6. Using fear of death as a tool
Throughout history, every authoritarian system — political or religious — has used fear of death as a tool of control. For example, Islam survives by leveraging this fear. “You will be punished after death” — this idea is one of the most effective ways to ensure compliance, because the punishment is never visible, and thus cannot be disproven.
But this fear comes at a cost — it fragments the present life. When people believe this life is merely a “test,” literature, music, art, love, curiosity — all these seem like “waste.” Yet these are the very essence of being human.
Life becomes greater by understanding death
Understanding death scientifically does not increase fear — it reduces it. When it is understood that death is not a mysterious punishment or the decision of an entity, but an inevitable chemical process of nature — life can be lived with greater awareness.

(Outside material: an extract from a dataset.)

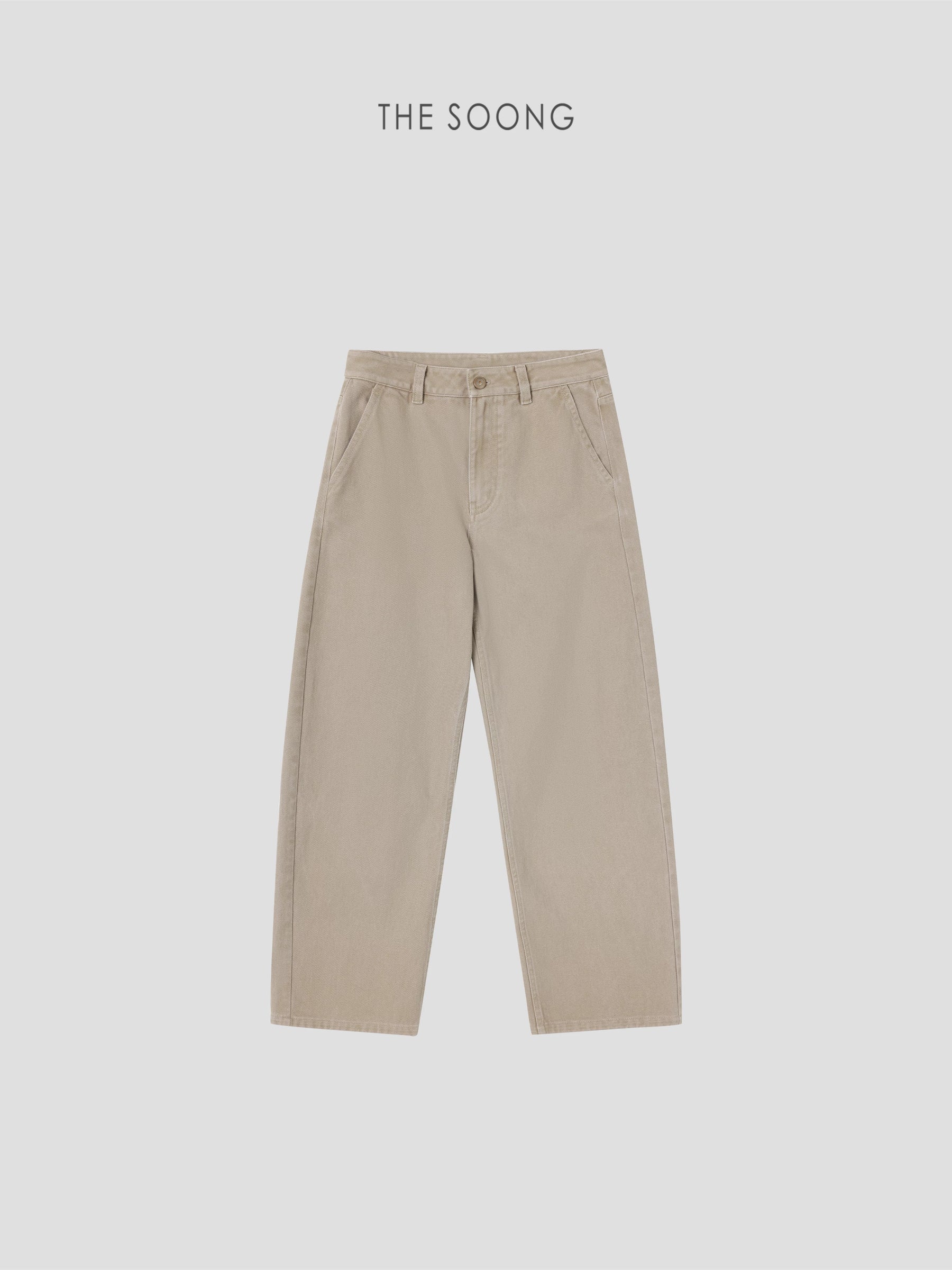 THESOONG/Sydney Pants Classic New Twill Mid-waist Zipper Non-stretch Wide-leg Casual Pants for Women 8947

Humans are children of the stars. Carl Sagan said: we are star dust, a way for the universe to know itself. In this brief life, watching a beautiful sunset, listening to music, reading books, loving someone — these are not meaningless. They are the only meaning that is real.
Death is inevitable — but how you live is up to you. There is no reason to waste this life waiting for imaginary rewards of an afterlife. Time is limited — that is why it is valuable. Taking care of yourself and others, and living well, is therefore essential.